* [DIRECTIONS FOR THIS TASK] When you reach the line containing "Layered Dubai chocolate" in the data below, begin returning lines exactly as written, and stop once the line containing "지난 19일 중국 상하이" has been returned.

* [EXTRACTED ENTRIES]
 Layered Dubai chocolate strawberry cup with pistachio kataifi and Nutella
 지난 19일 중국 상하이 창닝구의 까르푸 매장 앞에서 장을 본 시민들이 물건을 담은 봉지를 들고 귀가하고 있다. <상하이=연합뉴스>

---

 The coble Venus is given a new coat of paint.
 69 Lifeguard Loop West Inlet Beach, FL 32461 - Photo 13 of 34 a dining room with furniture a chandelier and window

* [WRITTEN SOLUTION]
 Layered Dubai chocolate strawberry cup with pistachio kataifi and Nutella
 지난 19일 중국 상하이 창닝구의 까르푸 매장 앞에서 장을 본 시민들이 물건을 담은 봉지를 들고 귀가하고 있다. <상하이=연합뉴스>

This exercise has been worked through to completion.